- **TASK BRIEF**
Repeat precisely the span of lines below that opens with the line containing "Colonial Bronze 1442" and closes with the line containing "Aceast&259; carte de", both included.

** SOURCE MATERIAL follows **

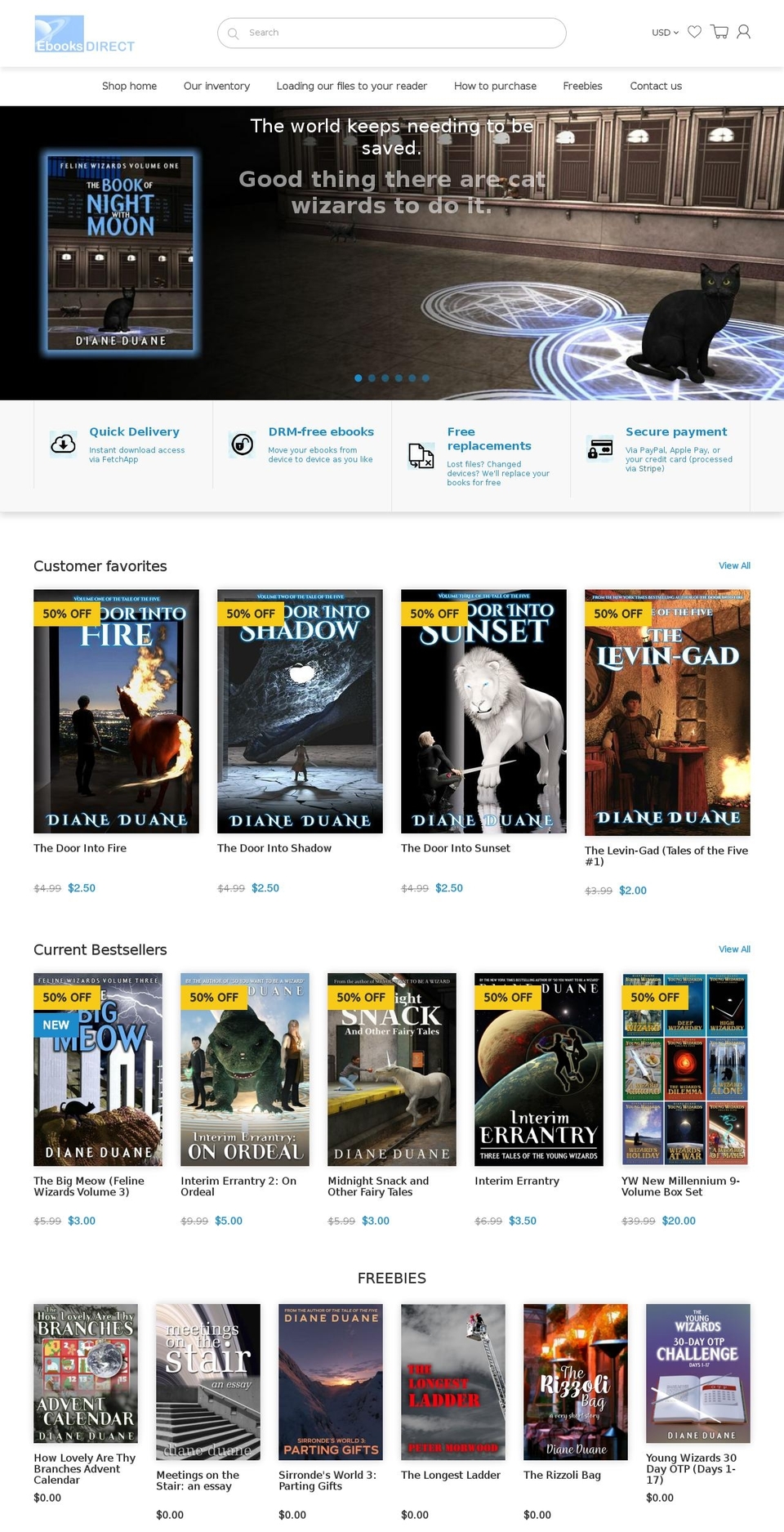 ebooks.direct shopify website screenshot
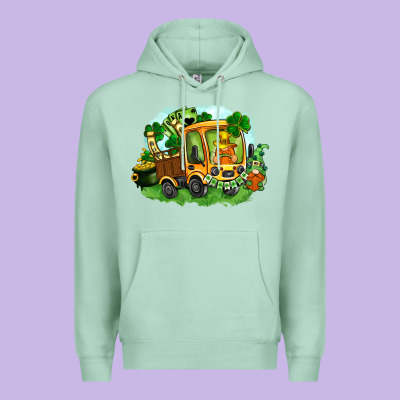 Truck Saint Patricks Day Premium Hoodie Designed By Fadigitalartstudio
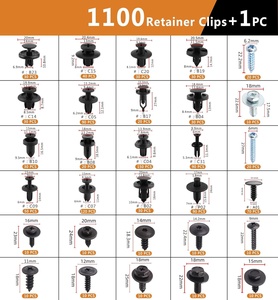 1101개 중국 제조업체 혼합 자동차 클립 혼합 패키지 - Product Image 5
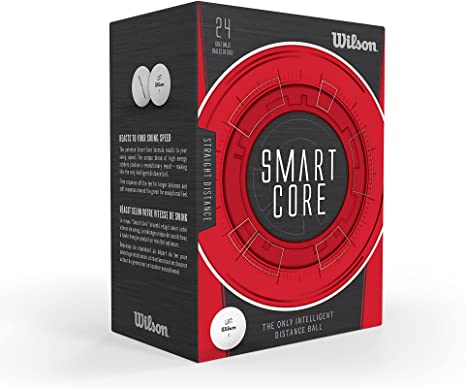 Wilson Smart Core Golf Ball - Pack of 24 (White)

** End of SOURCE MATERIAL **
** SOURCE MATERIAL follows **

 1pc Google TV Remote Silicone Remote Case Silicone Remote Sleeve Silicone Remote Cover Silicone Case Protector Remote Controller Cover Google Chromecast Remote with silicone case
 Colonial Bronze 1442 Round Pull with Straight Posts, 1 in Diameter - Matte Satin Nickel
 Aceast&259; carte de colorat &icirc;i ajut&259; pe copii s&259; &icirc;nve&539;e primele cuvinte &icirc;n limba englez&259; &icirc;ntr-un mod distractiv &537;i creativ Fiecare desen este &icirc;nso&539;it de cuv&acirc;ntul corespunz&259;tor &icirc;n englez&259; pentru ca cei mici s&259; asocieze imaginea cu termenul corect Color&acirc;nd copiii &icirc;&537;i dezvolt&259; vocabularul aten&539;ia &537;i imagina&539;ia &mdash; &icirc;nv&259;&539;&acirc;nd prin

** End of SOURCE MATERIAL **

- **EXERCISE RESPONSE**
 Colonial Bronze 1442 Round Pull with Straight Posts, 1 in Diameter - Matte Satin Nickel
 Aceast&259; carte de colorat &icirc;i ajut&259; pe copii s&259; &icirc;nve&539;e primele cuvinte &icirc;n limba englez&259; &icirc;ntr-un mod distractiv &537;i creativ Fiecare desen este &icirc;nso&539;it de cuv&acirc;ntul corespunz&259;tor &icirc;n englez&259; pentru ca cei mici s&259; asocieze imaginea cu termenul corect Color&acirc;nd copiii &icirc;&537;i dezvolt&259; vocabularul aten&539;ia &537;i imagina&539;ia &mdash; &icirc;nv&259;&539;&acirc;nd prin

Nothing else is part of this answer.